| WHAT YOU SHOULD DO |
The required output is the exact run of lines from the one that contains "This 46-year-old patient" to the end of the data, with every picture left out.

===== DATA FOR THIS TASK

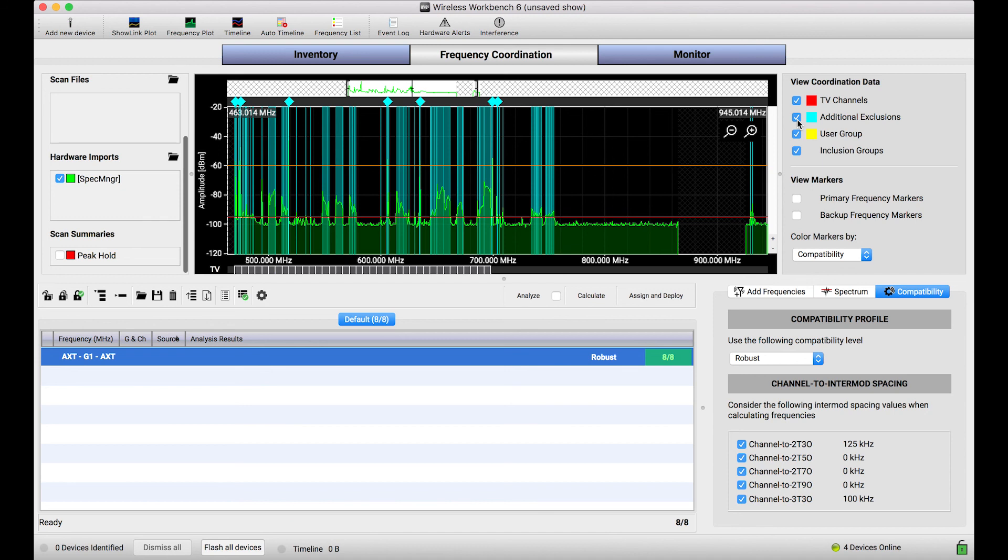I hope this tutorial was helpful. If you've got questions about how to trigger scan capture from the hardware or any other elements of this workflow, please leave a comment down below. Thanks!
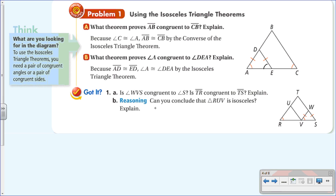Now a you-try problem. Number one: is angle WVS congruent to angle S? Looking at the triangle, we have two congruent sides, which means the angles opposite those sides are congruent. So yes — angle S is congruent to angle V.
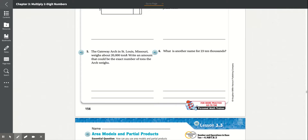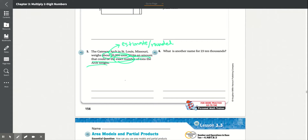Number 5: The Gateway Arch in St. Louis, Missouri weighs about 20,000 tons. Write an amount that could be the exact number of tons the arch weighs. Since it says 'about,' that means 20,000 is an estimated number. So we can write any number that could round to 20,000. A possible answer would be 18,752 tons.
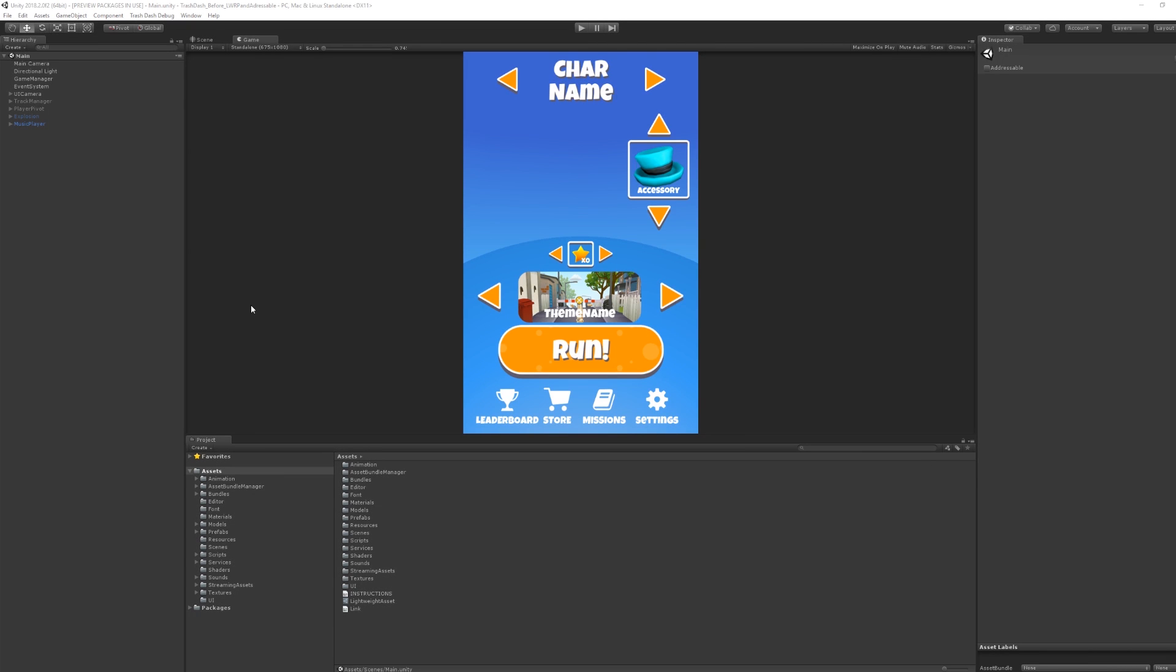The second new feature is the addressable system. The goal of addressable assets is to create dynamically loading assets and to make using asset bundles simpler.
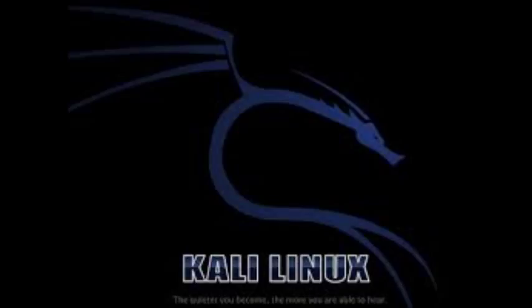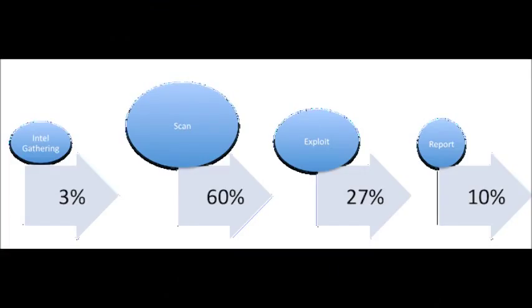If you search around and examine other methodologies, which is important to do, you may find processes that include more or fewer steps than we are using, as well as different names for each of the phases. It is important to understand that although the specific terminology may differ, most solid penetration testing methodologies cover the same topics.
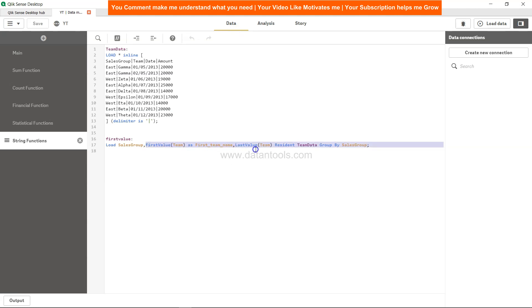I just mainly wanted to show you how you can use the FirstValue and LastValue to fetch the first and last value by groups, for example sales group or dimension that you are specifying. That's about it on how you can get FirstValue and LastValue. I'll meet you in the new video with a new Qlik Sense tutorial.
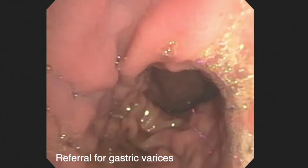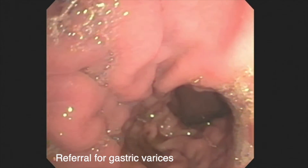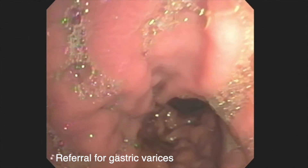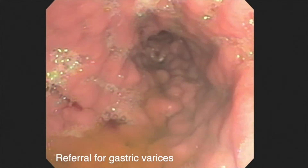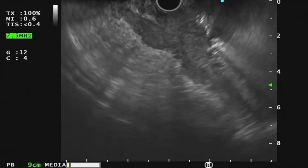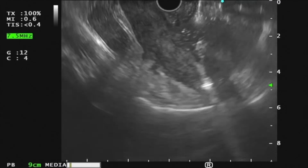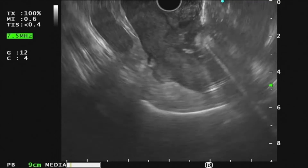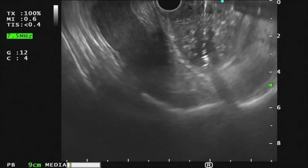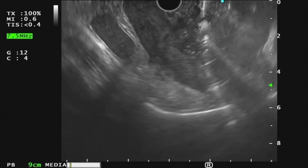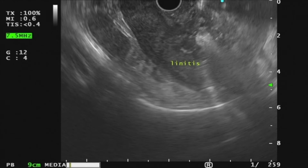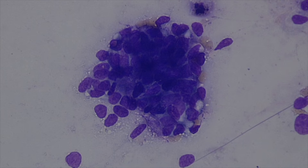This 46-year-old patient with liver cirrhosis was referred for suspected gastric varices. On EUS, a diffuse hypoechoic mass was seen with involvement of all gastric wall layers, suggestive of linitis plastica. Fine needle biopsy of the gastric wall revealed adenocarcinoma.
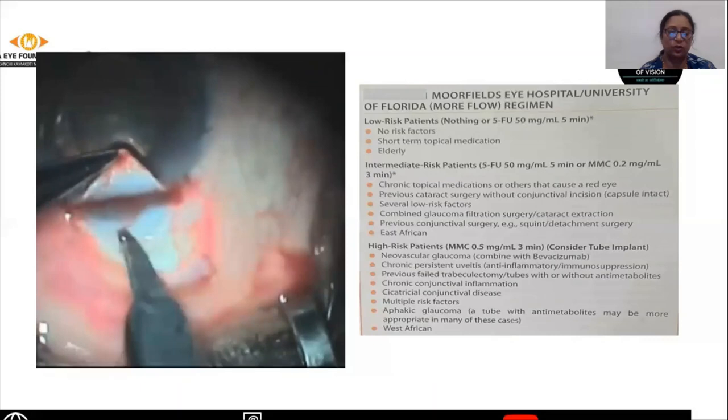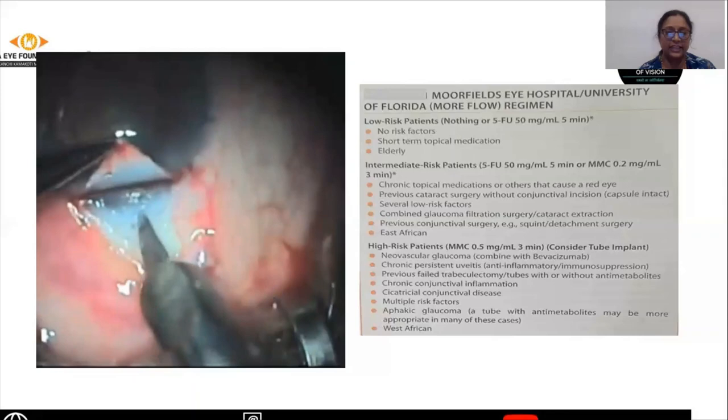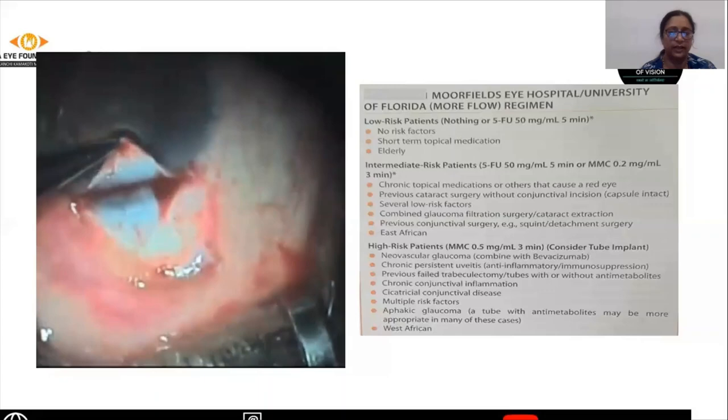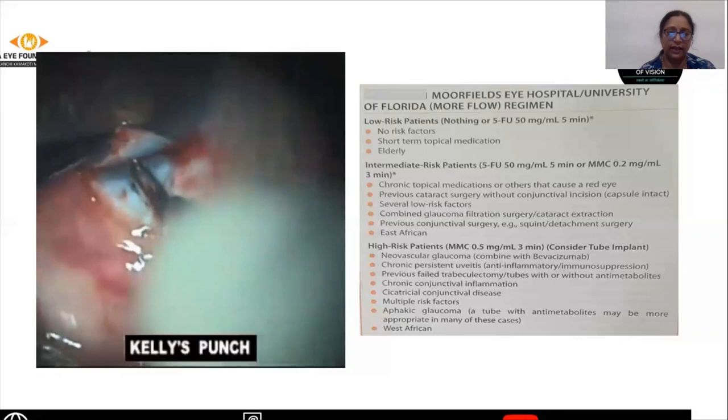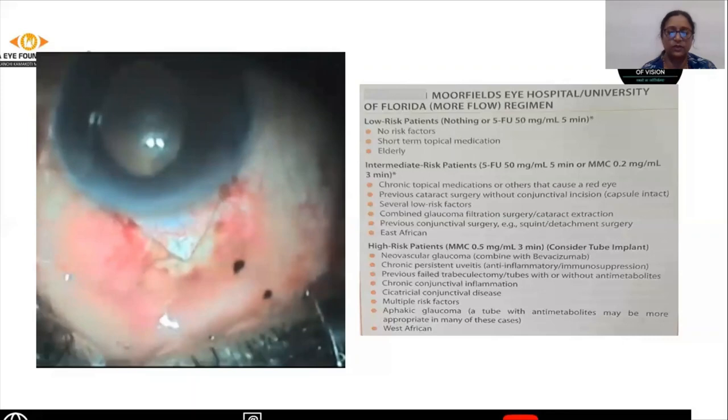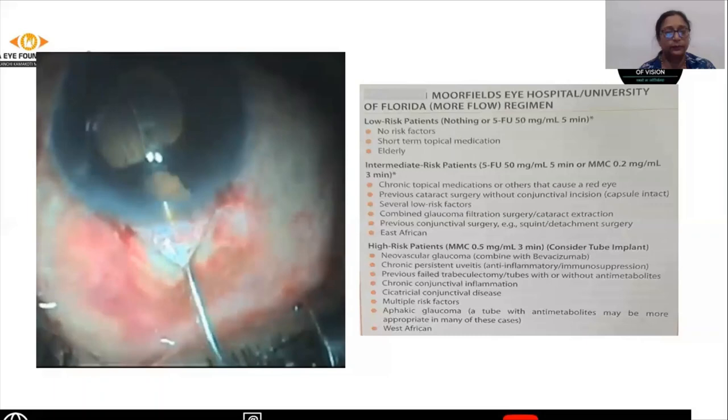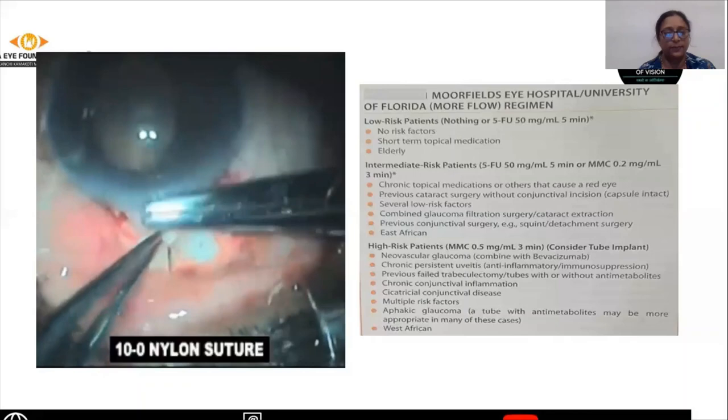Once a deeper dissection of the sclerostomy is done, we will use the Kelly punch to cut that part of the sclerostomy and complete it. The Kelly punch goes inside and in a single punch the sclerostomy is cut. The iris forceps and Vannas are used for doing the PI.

==========

| YOUR SOLUTION |
This 46-year-old patient with liver cirrhosis was referred for suspected gastric varices. On EUS, a diffuse hypoechoic mass was seen with involvement of all gastric wall layers, suggestive of linitis plastica. Fine needle biopsy of the gastric wall revealed adenocarcinoma.
Once a deeper dissection of the sclerostomy is done, we will use the Kelly punch to cut that part of the sclerostomy and complete it. The Kelly punch goes inside and in a single punch the sclerostomy is cut. The iris forceps and Vannas are used for doing the PI.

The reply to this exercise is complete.